Print the lines of the entries below from the one with "Signet Ring, Intaglio" through the final line, exactly as they appear. The pictures are not part of the copy.

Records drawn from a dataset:
■ ■ ■

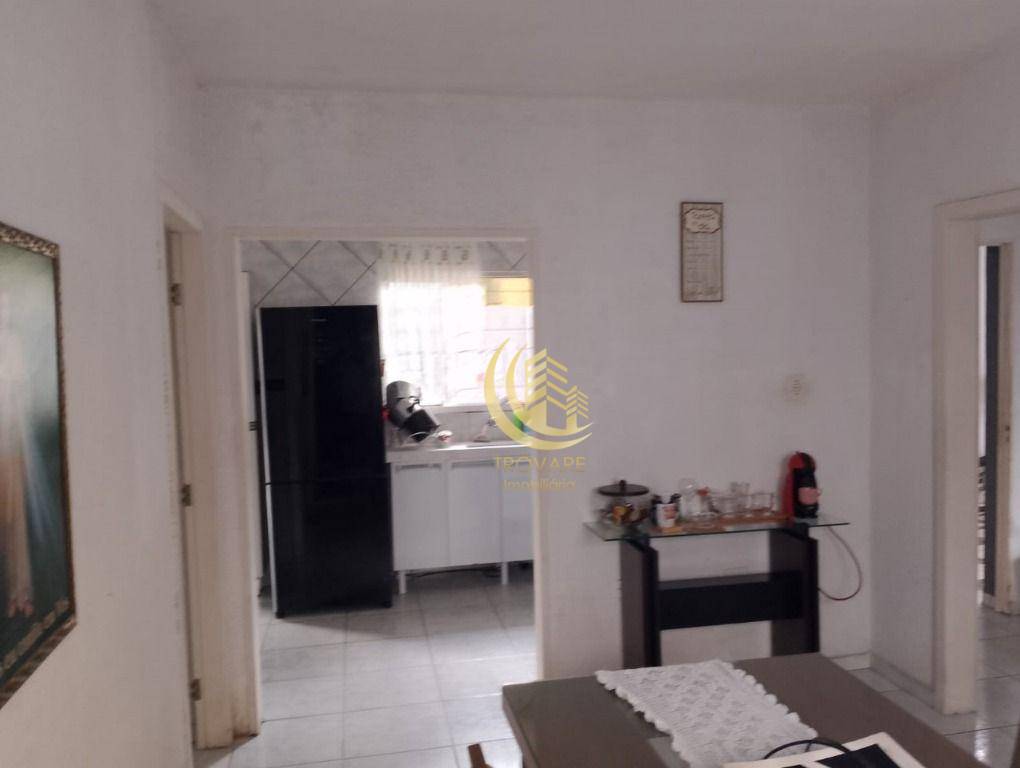 Casa à venda com 4 quartos, 180m² - Foto 10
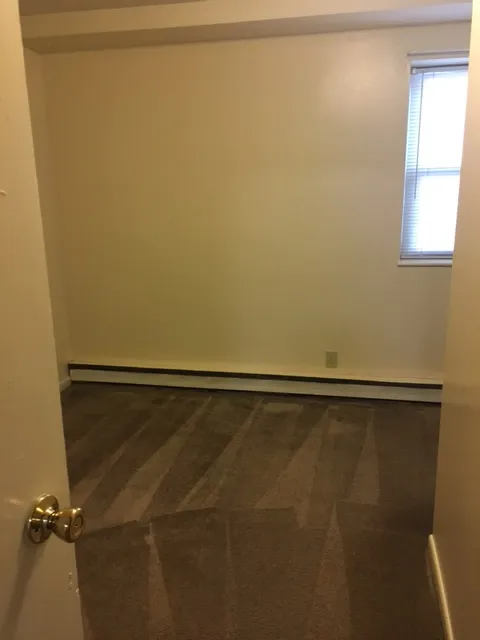 198 E 16th Ave 1BR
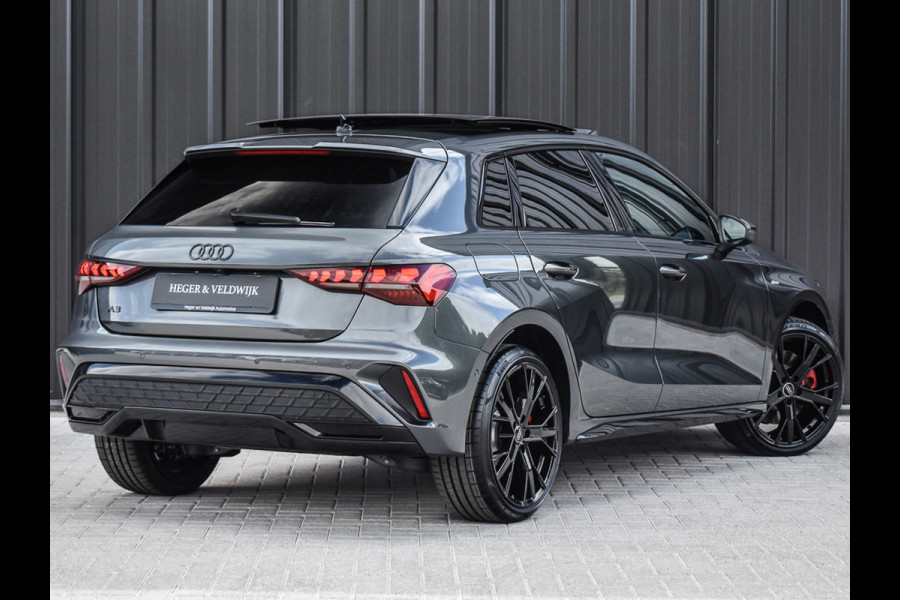 Audi A3 Sportback 45 TFSI e S EDITION COMPETITION | PANORAMADAK | S-SEATS | ADAPTIVE CRUISE | SONOS SOUND | CAMERA | BLACK-OPTIC | AMBIA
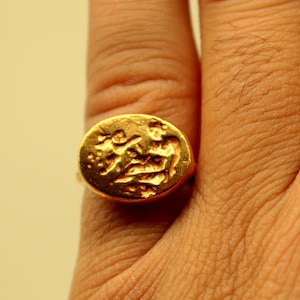 Signet Ring, Intaglio Ring, 925K Sterling Silver, Roman Coin Ring, Ancient Coin Ring, Unique Jewelry, Gift For Mom, Coin Ring For Womens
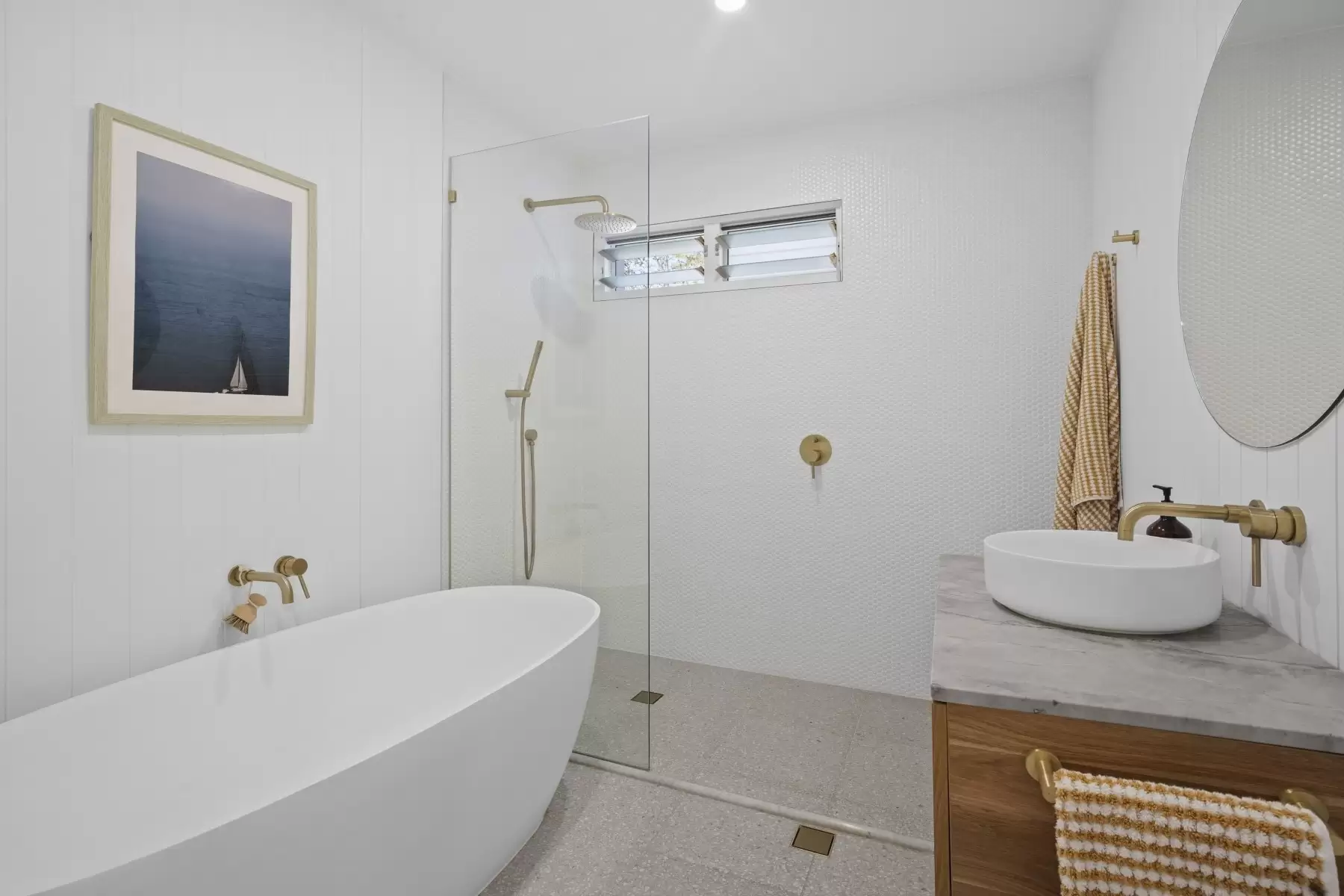 29 Coogeen Street, Sorrento Sold by Queensland Sotheby's International Realty - image 1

■ ■ ■

Result of the exercise:
 Signet Ring, Intaglio Ring, 925K Sterling Silver, Roman Coin Ring, Ancient Coin Ring, Unique Jewelry, Gift For Mom, Coin Ring For Womens
 29 Coogeen Street, Sorrento Sold by Queensland Sotheby's International Realty - image 1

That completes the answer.